Hij hielp haar het perron op en sprong achter haar aan.

‘Sorry. Ik had niet moeten lachen,’ zei ze.

‘Het is niet erg. Nu kan ik je in elk geval naar huis brengen.’

‘Kom dan maar mee. Ver is het niet,’ zei ze toen de rode achterlichten van de trein om een bocht in het spoor verdwenen. Verdorie. Hij had zijn Wellingtons in de coupé laten liggen!

Ze pakte zijn hand. Hij vergat de laarzen meteen weer en liep samen met haar het trapje bij de uitgang van het station af. Ze lieten de zwakke lichtbundels die uit de ramen van het station kwamen achter zich en liepen een donkere landweg op. Na de regen van die dag rook het naar hooi en kamperfoelie, en die geuren vermengden zich met de prikkelende geur van de zee. In de verte kon hij golven op een kust horen slaan.

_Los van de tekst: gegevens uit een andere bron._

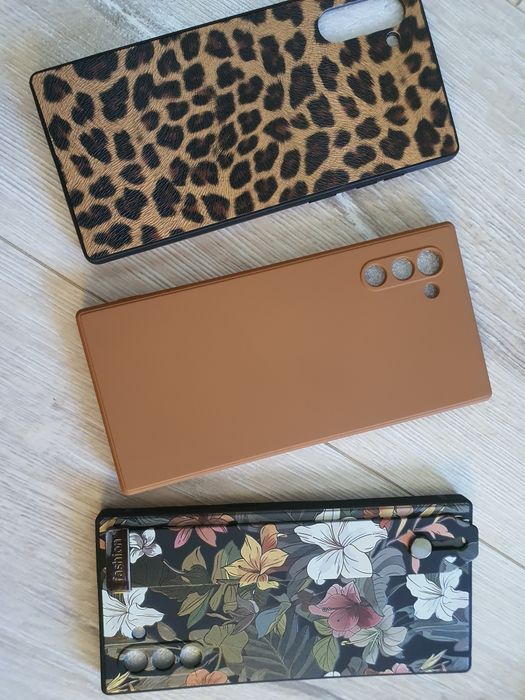 Etui samsung note 10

Hij moest kleinere stappen nemen om de hinkende Patricia niet voorbij te lopen.

‘Hoe heb je je been bezeerd? Tijdens het hockeyen?’

‘Ik heb mijn been niet bezeerd.’ Er klonk iets van bitterheid in haar stem.

‘Wat is er dan mee gebeurd?’

‘Negentieneenenvijftig.’

Hij bleef meteen staan en draaide haar naar zich toe. ‘De polioepidemie?’

Ze knikte. ‘Ik heb nog geluk gehad. Mijn linkerbeen is iets korter dan mijn rechterbeen, maar sommige kinderen zijn in een ijzeren long beland.’

‘Jezus.’

Ze liet zijn hand los en zette een stap naar achteren. ‘Ik neem aan dat ik nu verder niets meer van je zal horen? Mannen houden niet van vrouwen die niet perfect zijn.’ Ze zei het zakelijk.

Hij voelde aan dat ze ooit was gekwetst, misschien heel erg.

‘Ik wil geen medelijden,’ zei ze, en hij voelde haar warme adem in zijn hals. Hij keek omhoog en zag Orion. Hoog, heel hoog, elke ster fel en trots glinsterend. Hij wist dat haar korte been voor hem totaal geen verschil maakte.

‘Ik ben niet goed in het tonen van medelijden,’ zei hij. ‘Patricia, dat been van jou kan me niets, helemaal niets schelen.’

‘Meen je dat?’ Ze zette nog een stap van hem vandaan en leek in zijn ziel te kijken.

Hij zei niets. Hij wachtte gewoon en keek naar haar gezicht, probeerde de uitdrukking daarop in het vage licht van de sterren te interpreteren, en hoopte dat ze niet zou zeggen dat ze hem niet geloofde.

‘Barry Laverty, ik geloof je, al weet ik dat ik dat niet zou moeten doen.’

Hij zag iets zilverachtigs onder haar linkeroog en hij wilde de zilte smaak ervan proeven, maar iets waarschuwde hem ervoor dat hij de zaken niet moest overhaasten. ‘Kom mee,’ zei hij. ‘Je moet naar huis.’